Package Exports

@dotdo/iceberg
@dotdo/iceberg/catalog
@dotdo/iceberg/wal

Readme

@dotdo/iceberg

Apache Iceberg table format for Cloudflare Workers.

TypeScript implementation of the Apache Iceberg specification for building data lakehouses on Cloudflare R2.

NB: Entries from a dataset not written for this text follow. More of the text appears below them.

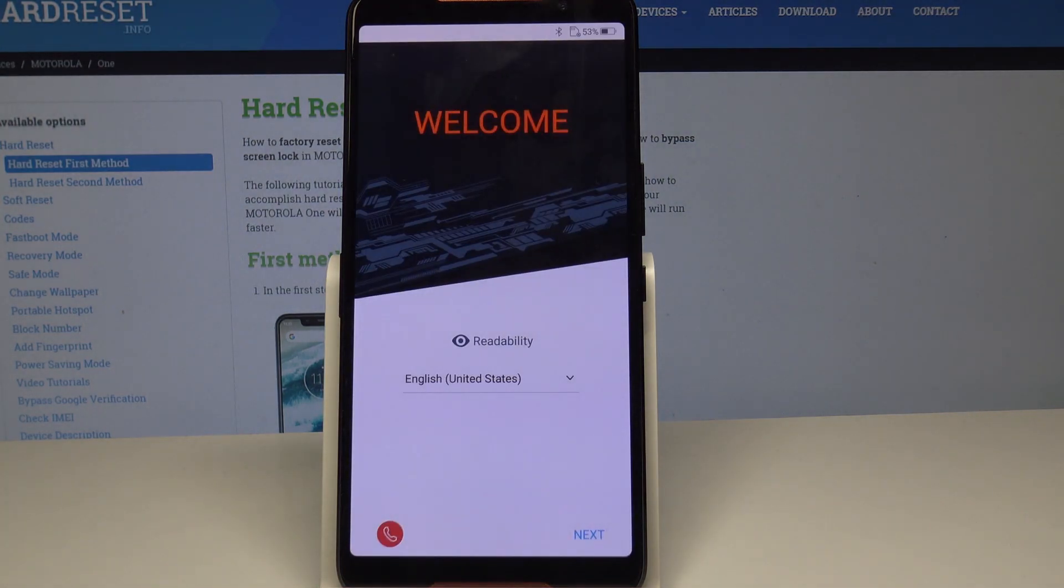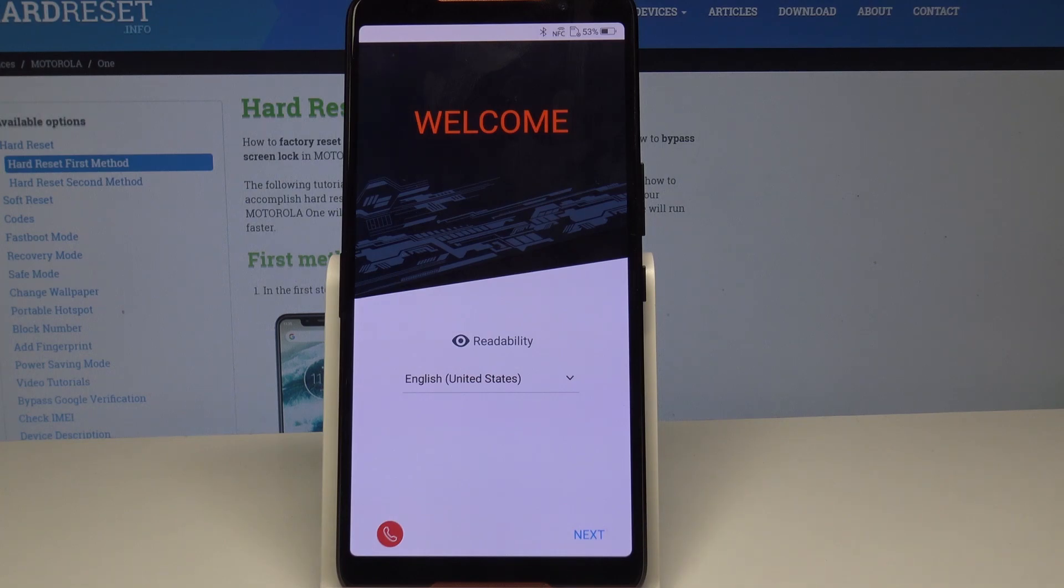Okay, so the factory reset is done. I'm going to show you what it looks like. Your wipe is complete and you can now set up your device as you like. Thank you for watching, don't forget to like and subscribe.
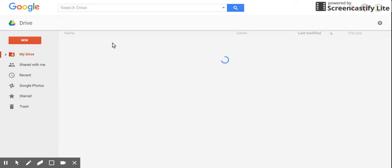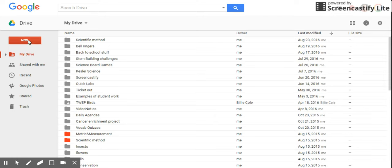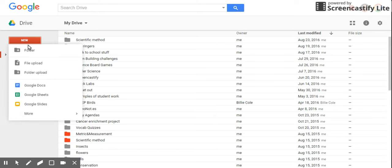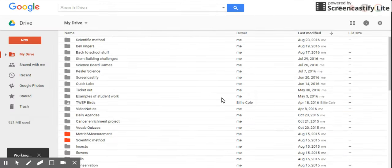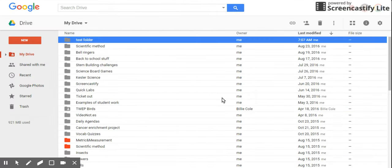From Drive, click on the red button that says New, then click on Folder — and there you have your new folder.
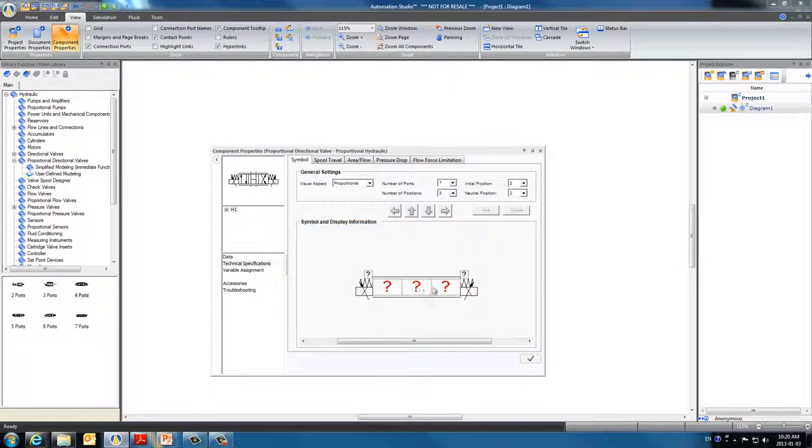As you can see, the image has changed. In this space on the left, we need to replace the question mark with the spool we designed earlier.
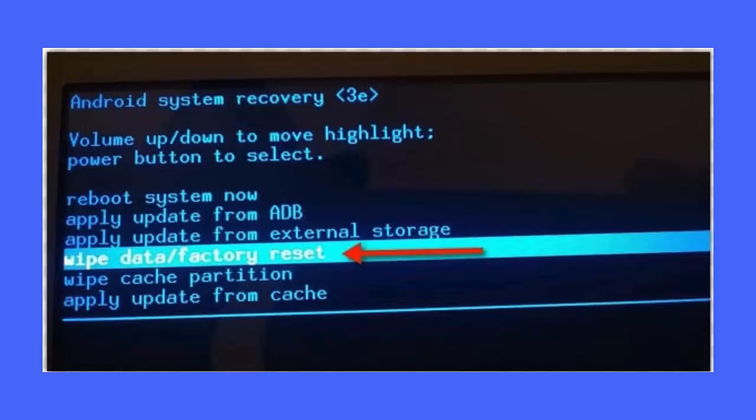Now select yes, delete all users data via volume down button. After that, start master reset process using power button. When it's done, the reboot system now option will occur. That's it.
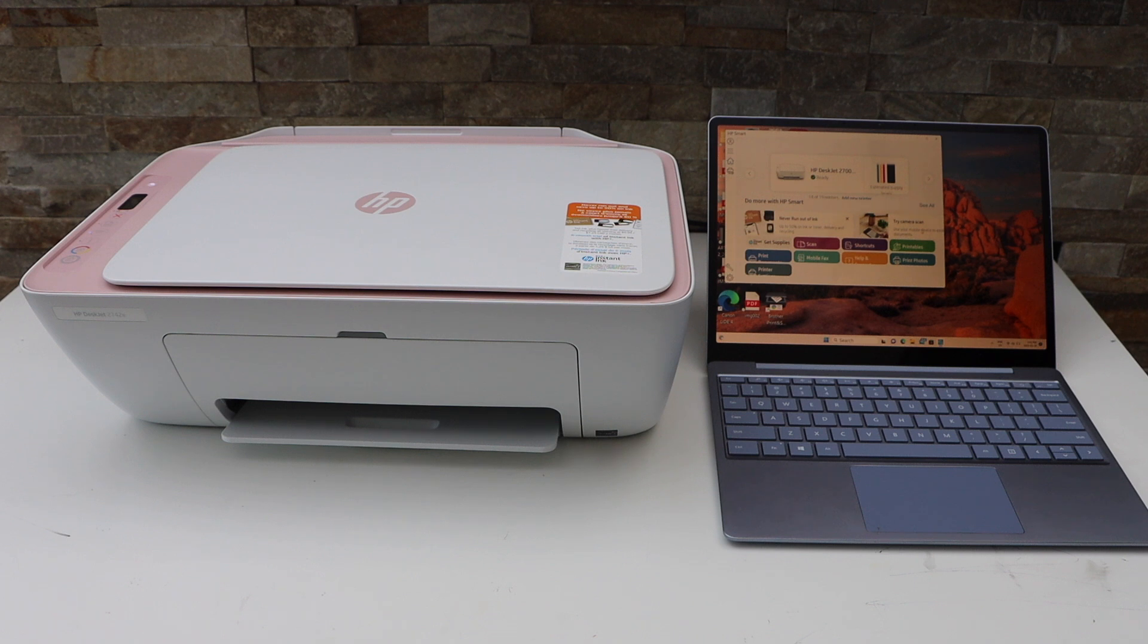In this video, I'm going to show you how to scan a document to PDF using your HP printer.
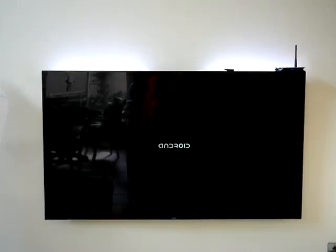This video is on how to set up the TV Android box.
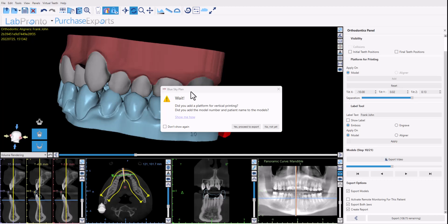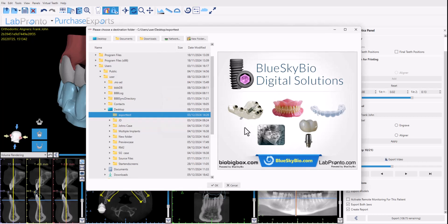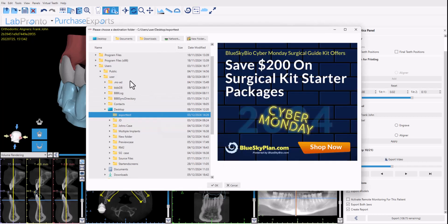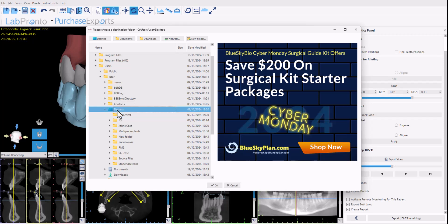A notification appears on the screen just confirming that we've added the base for vertical printing and we've added the numbering and text to the models. I'm going to click yes proceed to export and the software now prompts us for the location where we would like to export the models to. So I'm going to click desktop.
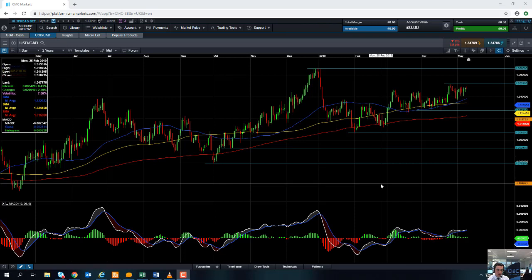Hello and welcome to the Chart of the Week video with me, David Madden. Today's date is Thursday the 9th of May 2019 and the time has just gone 11:40 British Summer Time. This week's chart of the week is the US dollar versus the Canadian dollar, the dollar CAD.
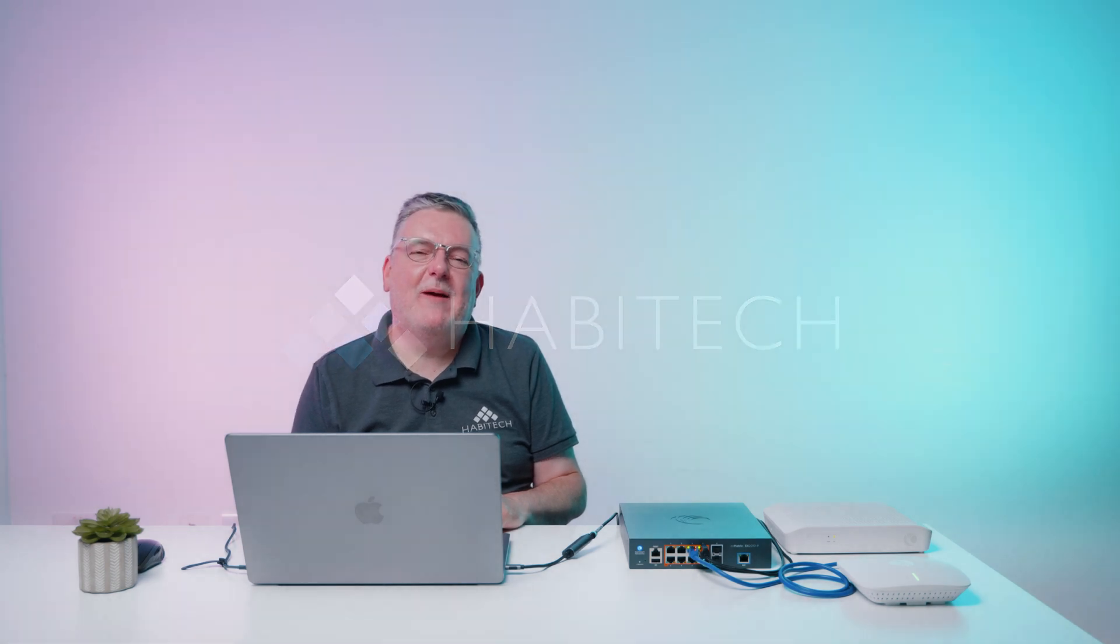Hi Justin here again from Habitech and today I'm going to show you first time setup on the Cambium next generation firewall, the NSE 3000.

import { MetadataBuilder, SchemaBuilder } from '@dotdo/iceberg'

// Define schema
const schema = new SchemaBuilder()
  .addField({ name: 'id', type: 'long', required: true })
  .addField({ name: 'name', type: 'string' })
  .addField({ name: 'created_at', type: 'timestamptz' })
  .build()

// Create table metadata
const metadata = new MetadataBuilder({ location: 's3://bucket/table' })
  .setSchema(schema)
  .setPartitionSpec([{ sourceId: 3, transform: 'day', fieldId: 1000 }])
  .build()

Why Iceberg?

You have data that grows. Users need to query it efficiently. You want time-travel.

Traditional approaches:

Raw JSON files - No schema evolution. No efficient queries. No time-travel.
SQLite/PGLite - Single-file limits. No column pruning. Backups are snapshots.
External data warehouses - Latency. Cost. Vendor lock-in.

Iceberg gives you:

Schema evolution - Add columns, rename fields, widen types
Time-travel queries - Query any historical snapshot
Partition pruning - Skip irrelevant data files
Column pruning - Read only the columns you need
ACID transactions - Concurrent writes without corruption

What This Package Provides

This is the type system and builder layer for Iceberg tables. It provides:

Module	Purpose
Types	Complete TypeScript types for Iceberg spec v2
Schema	Schema builder with evolution and validation
Metadata	Table metadata builder with snapshot management
Manifest	Manifest and manifest list builders
Catalog	Catalog interface for table discovery
WAL	WAL-to-Iceberg transformation utilities

This package does NOT include:

Parquet file reading/writing (use @dotdo/parquet)
Query execution (use @dotdo/pg-lake)
Storage backends (use R2 directly or via @dotdo/pg-lake)

Installation

npm install @dotdo/iceberg

Quick Start

Building a Schema

import { SchemaBuilder } from '@dotdo/iceberg'

const schema = new SchemaBuilder()
  .addField({ name: 'id', type: 'long', required: true })
  .addField({ name: 'name', type: 'string' })
  .addField({ name: 'email', type: 'string' })
  .addField({ name: 'metadata', type: { type: 'map', keyType: 'string', valueType: 'string' } })
  .addField({ name: 'tags', type: { type: 'list', elementType: 'string' } })
  .addField({ name: 'created_at', type: 'timestamptz', required: true })
  .build()

Schema Evolution

import { SchemaEvolution } from '@dotdo/iceberg'

const evolution = new SchemaEvolution(existingSchema)

// Add new columns
evolution.addColumn({ name: 'status', type: 'string' })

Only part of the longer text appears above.